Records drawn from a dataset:

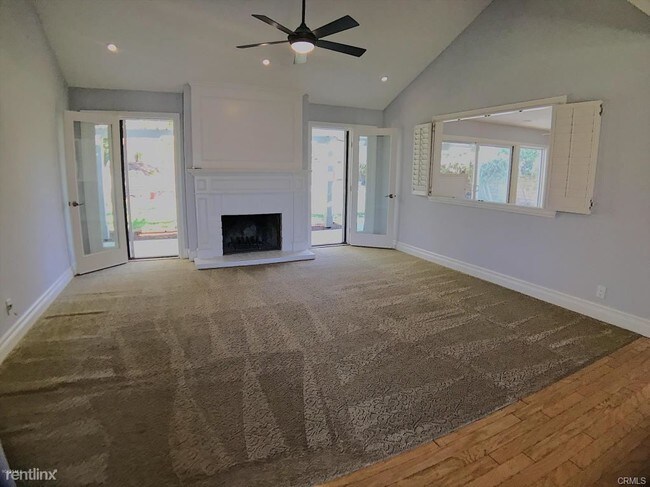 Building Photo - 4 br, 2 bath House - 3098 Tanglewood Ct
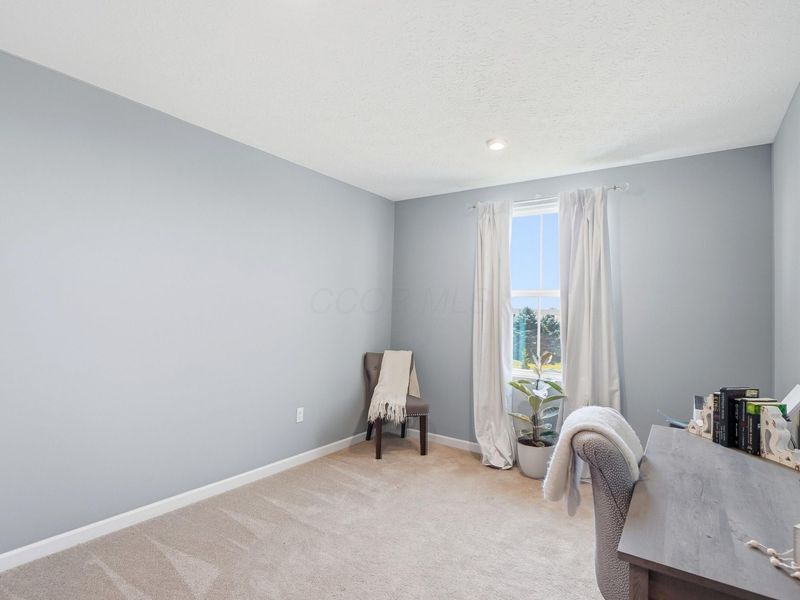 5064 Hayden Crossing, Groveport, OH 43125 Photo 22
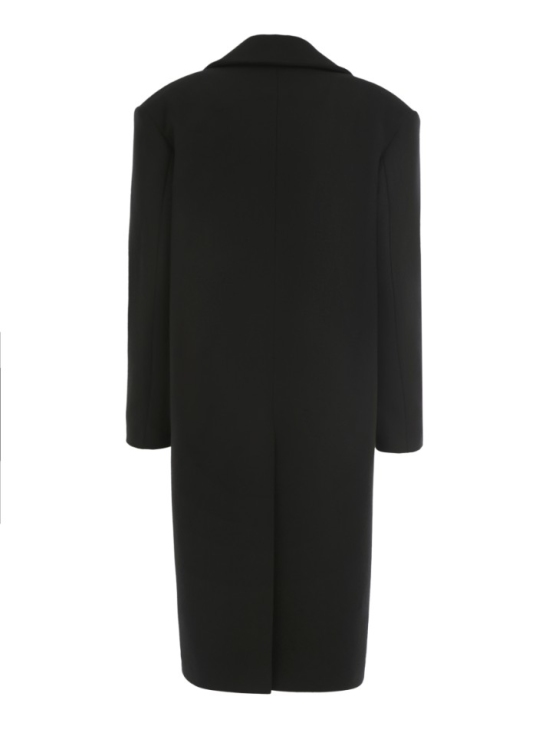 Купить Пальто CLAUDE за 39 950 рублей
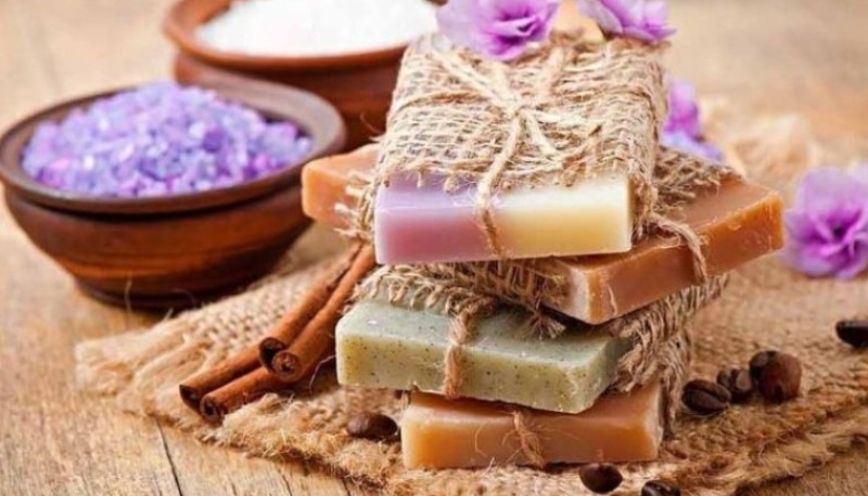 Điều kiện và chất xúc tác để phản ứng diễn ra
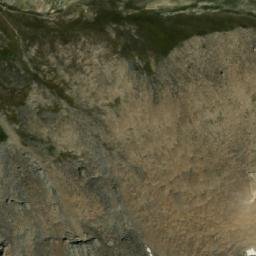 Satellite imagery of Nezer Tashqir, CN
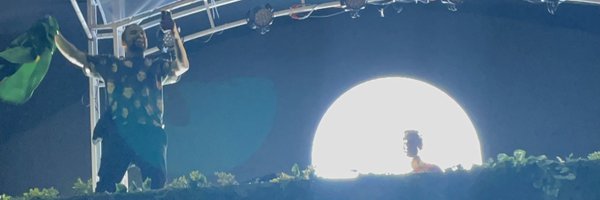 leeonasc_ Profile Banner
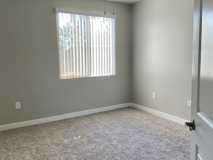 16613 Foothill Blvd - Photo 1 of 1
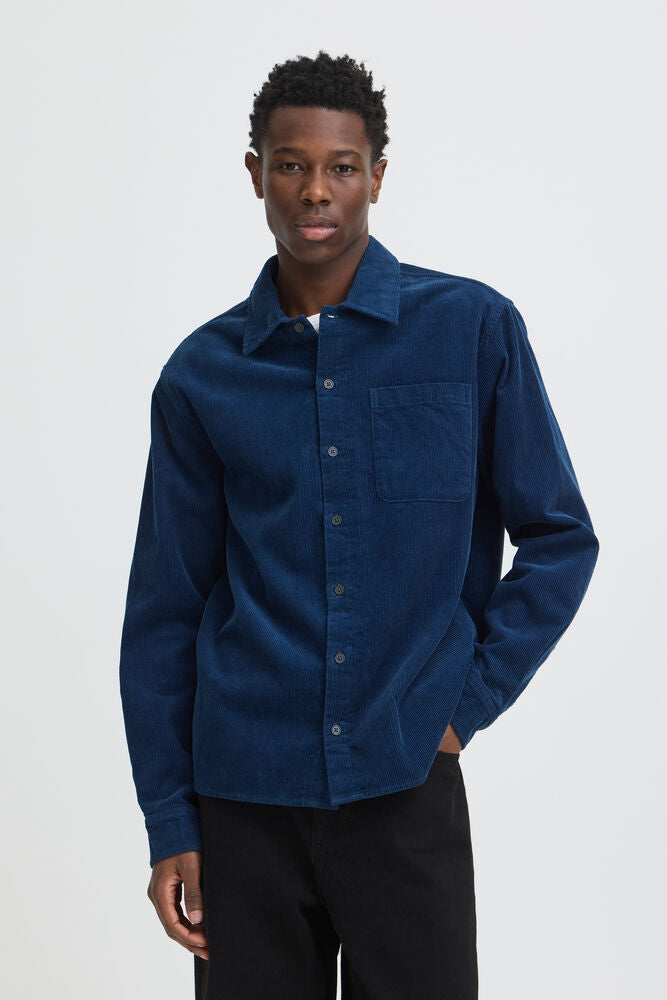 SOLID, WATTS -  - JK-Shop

...

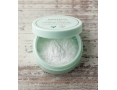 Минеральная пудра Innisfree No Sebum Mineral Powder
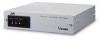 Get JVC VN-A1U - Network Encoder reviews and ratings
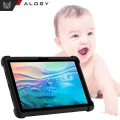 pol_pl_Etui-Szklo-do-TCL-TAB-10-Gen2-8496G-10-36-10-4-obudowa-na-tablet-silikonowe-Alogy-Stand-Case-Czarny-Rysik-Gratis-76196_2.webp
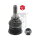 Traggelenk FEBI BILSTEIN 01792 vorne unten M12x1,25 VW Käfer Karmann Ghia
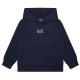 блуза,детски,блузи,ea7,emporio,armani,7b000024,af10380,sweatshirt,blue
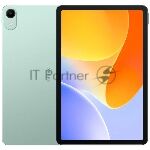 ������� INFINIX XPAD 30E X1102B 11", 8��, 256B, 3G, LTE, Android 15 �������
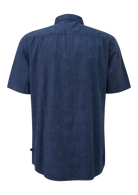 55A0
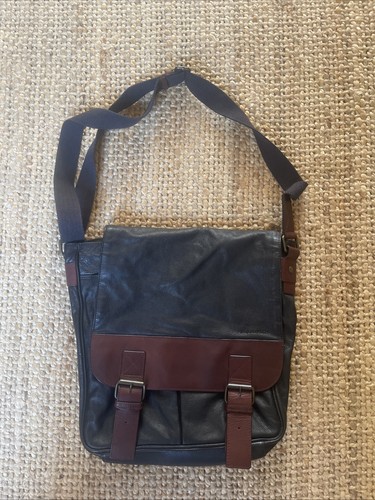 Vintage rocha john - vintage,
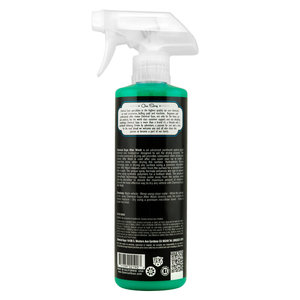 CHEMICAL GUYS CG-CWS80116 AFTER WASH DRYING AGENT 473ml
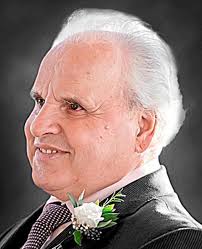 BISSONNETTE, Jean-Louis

- PROBLEM REQUIREMENTS -
Look back at the data above, then output exactly the lines from the line holding "блуза,детски,б" up to and including the line holding "BISSONNETTE, Jean-Louis". Leave out the pictures.

- TASK RESULT -
 блуза,детски,блузи,ea7,emporio,armani,7b000024,af10380,sweatshirt,blue
 ������� INFINIX XPAD 30E X1102B 11", 8��, 256B, 3G, LTE, Android 15 �������
 55A0
 Vintage rocha john - vintage,
 CHEMICAL GUYS CG-CWS80116 AFTER WASH DRYING AGENT 473ml
 BISSONNETTE, Jean-Louis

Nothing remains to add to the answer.